How do gaming Kickstarters that rely on nostalgia make use of our irrational decision-making?

Jamie Madigan, Blogger

December 1, 2015

3 Min Read

[Jamie Madigan writes and podcasts about the psychology of video games at psychologyofgames.com. He is also the author of the book Getting Gamers: The Psychology of Video Games and Their Impact on the People Who Play Them.]

You know the craziest thing I saw in any of 2015's E3 press conferences? It was when Sony promoted a Kickstarter for Yu Suzuki's Shenmue 3. The fact that one of the biggest players in the video game business would give Suzuki a platform to promote his crowdfunded sequel to a 14 year old, action-adventure Dreamcast game is ...well, it's indicative of the interesting times we live in.

And apparently a lot of people found the idea of a Shenmue sequel very interesting. The Kickstarter raised $6.33 million from 69,320 fans --far beyond its initial goal of $2 million. Of course, I wonder about the psychology behind someone's decision to put money into this project, and I think one of the most common decision-making biases was in play: the affect heuristic.

The term, first coined by psychologist Paul Slovik, describes our tendency to let our feelings about something dominate other evaluations of it. If your work supervisor elicits positive emotions from you, you are more likely to attend to his virtues and downplay his faults. If a law or policy is cast in a light that elicits negative emotions (e.g., "this is a war on Christmas!") then people tend to pay more attention to it and support arguments against it. 

This happens because "Is this person/policy/product good?" is a hard question to answer.  "How does this person/policy/product make me feel?" is a much easier question. And our minds have a persistent habit of slyly substituting an easy question for a hard one whenever they get the chance.

I think this is going on with the Shenmue 3 Kickstarter. "Should I support this project?" is a tough question. Answering it relies on the answers to many other questions. Here are just a few:

  • Will Yu Suzuki be able to make the game with the money he gets out of this?

  • Even if he can, will it be enough to let him make the game he wants?

  • Is the game HE wants to make also one that I will want to play? 

  • I mean, what is a Shenmue game released in 2017 even going to look like? Do I have any evidence that Suzuki can lead a team to make a modern game?

  • If Suzuki does create a "modern" game, will it still capture what I loved about the first two games?

  • If he doesn't modernize it, could I actually enjoy playing an old-style game more like the first two?

  • Have you all seen any sailors?
     

Those are tough questions. Some of them are probably impossible to answer right now, so you'd have to resort to assigning probabilities to various outcomes. That's even tougher.
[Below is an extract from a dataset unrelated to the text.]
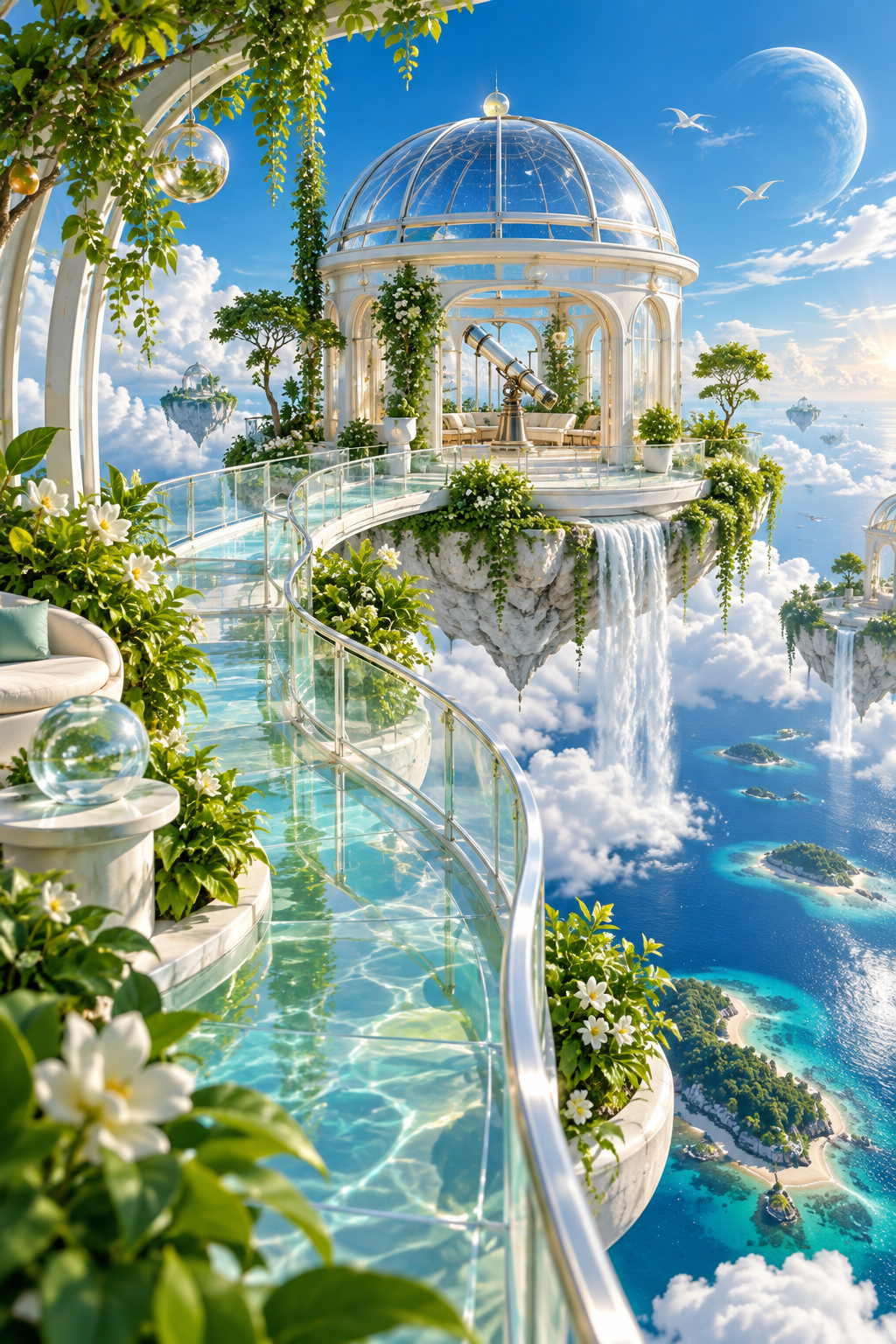 A glass observatory with a telescope floats above clouds and ocean islands, wrapped in gardens and clear walkways.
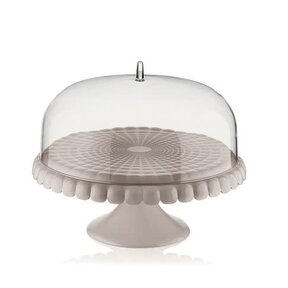 Tiffany-Kuchenständer mit Kuppel – klein – Taupe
But you know what's an easy question to answer? "Does thinking about Shenmue make me happy?"

And because that's such an easy question to answer, it's probably the one that most influences people's decisions. The answer to one question unconsciously substituted for another. And it's not just Shenmue 3. It happens with other Kickstarted games, like Star Citizen. And Wasteland 2. And Elite: Dangerous. And plenty more to come.